The second electrode layer 4 is formed of a solder bonding material, and causes the first electrode layer 3 to be bonded to an external connection terminal. The second electrode layer 4 of the present example is Ni/Au in which an Au layer is stacked on a Ni layer. The second electrode layer 4 may be formed by electroless plating processing. The first electrode layer 3 and the second electrode layer 4 constitute the emitter electrode 52 of the semiconductor device 100.

A passivation film 5 is provided on the front surface 21 of the wafer 1 and the first electrode layer 3 in the center region 2. The passivation film 5 only needs to be a dielectric film that adheres to the wafer 1 and the first electrode layer 3, and is formed of SiN, SiO₂, polyimide, or the like, in an example. The passivation film 5 of the present example is a polyimide film. The passivation film 5 has a thickness of 5 μm to 10 μm.

The passivation film 5 has an opening portion to expose the second electrode layer 4. In addition, the passivation film 5 provided above the element structure is separated from the passivation film 5 provided above the adjacent element structure. In the present example, an outermost periphery of the passivation film 5 is set as a boundary between the center region 2 and the outer peripheral region 6 in the top plan view of the wafer 1.

The outer peripheral region 6 is a region between the center region 2 and an end portion 7. The end portion 7 is a boundary between the front surface 21 and the back surface 23 of the wafer 1, and extends in a circular shape along an outer periphery of the wafer 1. In the outer peripheral region 6, an oxide film 8 is provided on the front surface 21 of the wafer 1. The oxide film 8 of the present example is formed by performing plasma processing on the wafer 1 to which an ion has been implanted. A heavy ion implanted to form the oxide film 8 in the present example is a heavy ion of an element in third and subsequent rows of a periodic table, and is an As ion, a P ion, or an Ar ion, in an example. The thickness of the oxide film 8 of the present example is 8 nm or more and 50 nm or less.

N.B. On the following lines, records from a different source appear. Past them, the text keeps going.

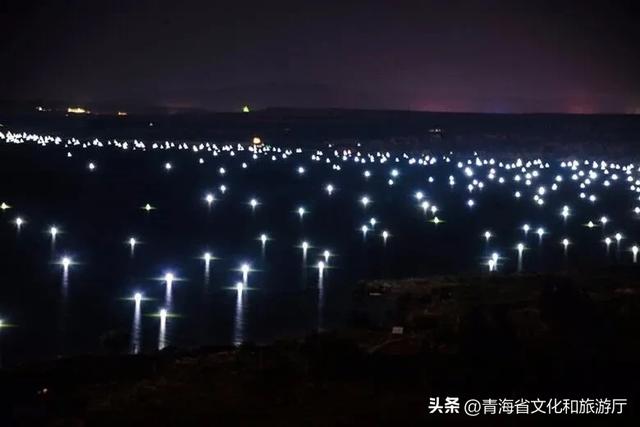 双节假期去哪儿？青海龙羊峡！秋日山湖+渔火星光，朋友圈高赞全拿捏~
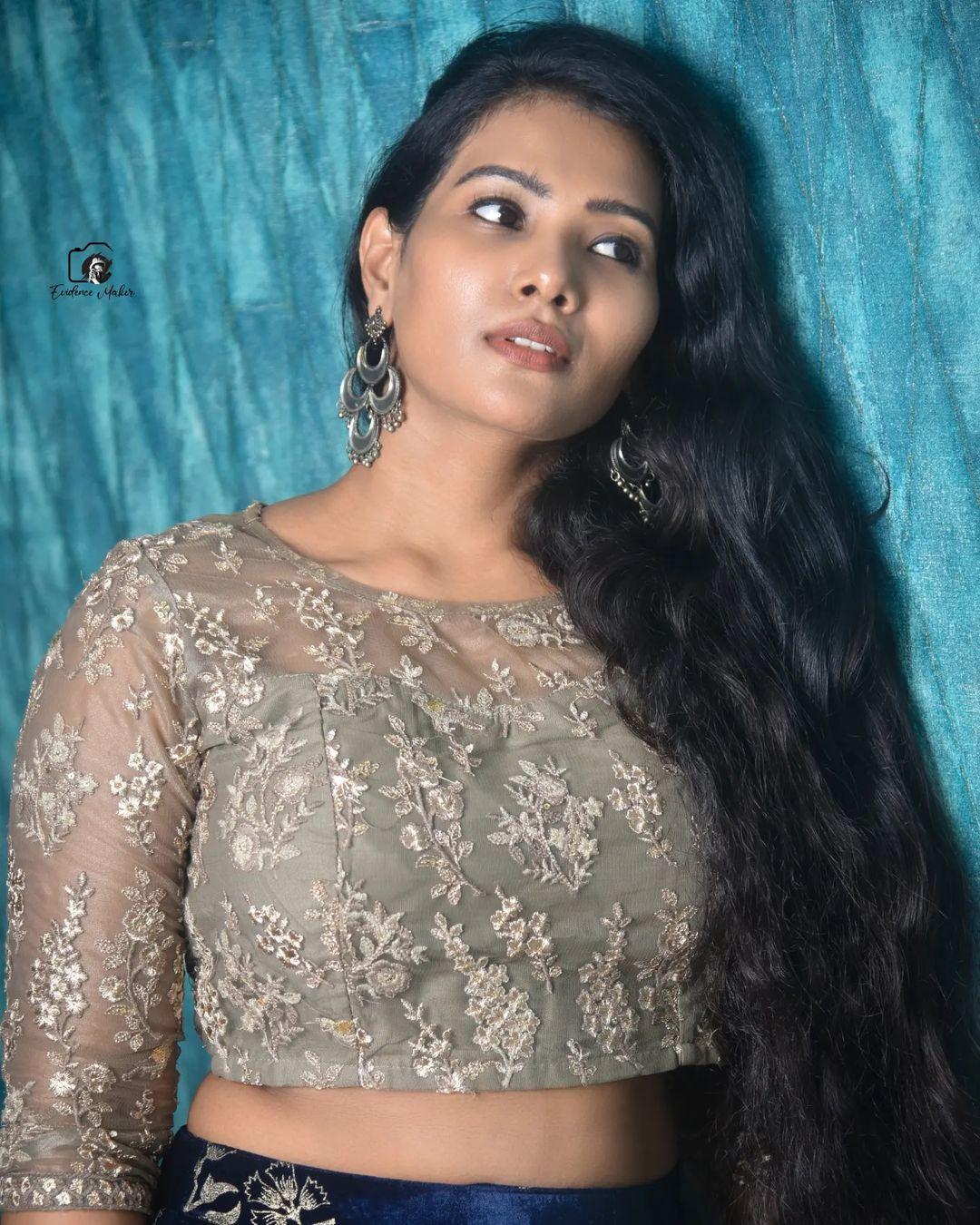 Looking very sexy photos | Dhivya Dhuraisamy in lehanga hot and sexy photoshoot
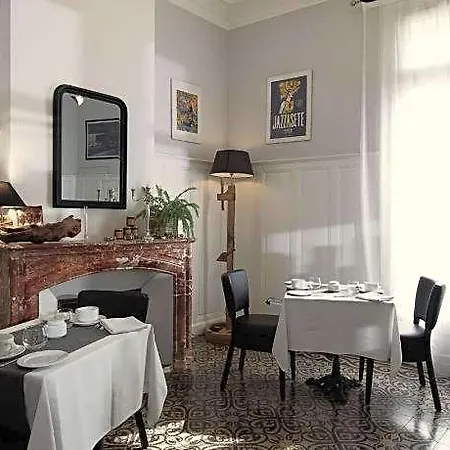 La Domitia - Maison D'hotes, Massages & Bien-etre 住宿加早餐酒店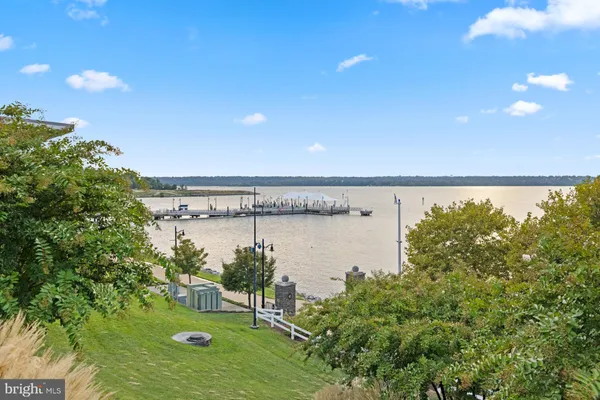$2,950 | 102 St Ives Place, Unit 404, Oxon Hill, MD 20745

On the back surface 23 of the wafer 1, the collector electrode 24 is provided. The collector electrode 24 of the present example has a stack structure of Al/Ti/Ni/Au in order from a back surface 23 side. Alternatively, the collector electrode 24 may have, in order from the back surface 23 side, a stack structure such as Al—Si/Ti/Ni/Au, Ti/Ni/Au, Al/Ti/Ni/Ag, Al—Si/Ti/Ni/Ag, Al/Ti/NiV/Au, Al—Si/TiNiV/Au, Al/TiNiV/Ag, Al—Si/TiNiV/Ag, and Ti/NiV/Ag. In the present example, the collector electrode 24 is provided over substantially the entire surface of the back surface 23, but may be provided only in a region corresponding to the element structure, that is, the center region 2.

FIG. 3A to FIG. 3J are cross sectional views showing examples of the wafer in each step of the manufacturing method for a semiconductor device according to an example. Similar to FIG. 2, FIG. 3A to FIG. 3J show cross sectional views of the outer peripheral region 6 taken along the wafer radial direction. Here, a step of forming the oxide film 8 on the outer peripheral region 6, and a step of forming the second electrode layer 4 on the first electrode layer 3 of the center region 2 by plating, on the front surface 21 of the wafer 1, will be mainly described.

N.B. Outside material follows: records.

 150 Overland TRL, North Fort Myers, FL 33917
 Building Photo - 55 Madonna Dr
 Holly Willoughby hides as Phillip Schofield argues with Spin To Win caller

FIG. 3A shows the wafer 1 that has undergone a step of forming the first electrode layer 3 on the front surface 21 of the wafer 1, and a step of forming the passivation film 5 on the first electrode layer 3. The first electrode layer 3 is formed by forming, by Al—Si, a film having a thickness of 1.0 μm to 6.0 μm.

In an example, the step of forming the passivation film 5 includes a step of applying polyimide to the front surface 21 of the wafer 1, a step of removing the polyimide wrapping around the outer peripheral region 6 and the back surface 23 by edge rinsing processing, and a step of curing the polyimide applied to the center region 2. The edge rinsing processing may be performed along the end portion 7 in a range of a width of 2.5 mm. The passivation film 5 may be formed up to a range on an outer side further the element structure in the top plan view of the wafer 1 to a degree that the applied polyimide does not wrap around the back surface 23.

Here, the passivation film 5 is not formed in the outer peripheral region 6, and thus silicon of the wafer 1 is exposed at the front surface 21 of the wafer 1. It should be noted that a step of forming the collector electrode 24 on the back surface 23 of the wafer 1 may be performed before or after the steps of forming the first electrode layer 3 and the passivation film 5.

FIG. 3B shows the wafer 1 that has undergone a step of forming a resist 9 on the first electrode layer 3. In an example, the resist 9 is formed by depositing a resist on the front surface 21 of the wafer 1 and performing spin coating, and then dissolving and removing the resist by the edge rinsing processing by an organic solvent in a region for the resist 9 not to be provided. Alternatively, the resist 9 may be formed by exposing or not exposing a photosensitive resist with which the front surface 21 of the wafer 1 is spin-coated, and then removing the resist by a developing solution in the region for the resist 9 not to be provided.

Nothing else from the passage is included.